Senna ne considère pas Mansell comme un adversaire aussi fort que Prost mais paradoxalement il le craint plus car il sait qu’en piste, l’Anglais, en plus d’être diablement rapide, est capable de toutes les audaces. De toutes les folies aussi.
C’est ce qui fait tout le charme de Nigel, éléphant égaré dans un magasin de porcelaine, funambule en équilibre permanent entre le génial et le grand n’importe quoi. Une partie du paddock, y compris et surtout les médias britanniques, a tendance à mépriser ce pilote balourd, aux allures rustres, parfois pleurnichard. Le public, lui, ne retient qu’une chose : en piste, Nigel, incarnation du fighting spirit, avec son pilotage tout en force, est un régal pour les yeux.

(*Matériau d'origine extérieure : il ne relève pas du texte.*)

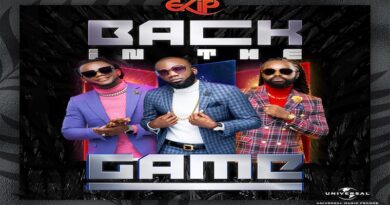 ZE FELE - Ekip Kompas 2021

Senna et Mansell, ce sont les deux pilotes les plus spectaculaires, les plus agressifs du plateau. Forcément, quand ils se croisent en piste, ça ne se passe pas toujours bien. En 1987, à Spa, après un accrochage dans les premiers tours du Grand Prix, Mansell, furibard, s’était précipité dans les stands pour coller son poing sur la figure de Senna. En 1989, à Estoril, sous le coup d’une disqualification pour avoir fait une marche arrière dans les stands, Mansell avait ignoré le drapeau noir agité par le directeur de course (« Je ne l’avais pas vu » expliquera t-il benoitement) puis expédié Senna hors piste, faisant irrémédiablement pencher le championnat en faveur de Prost, son futur équipier chez Ferrari.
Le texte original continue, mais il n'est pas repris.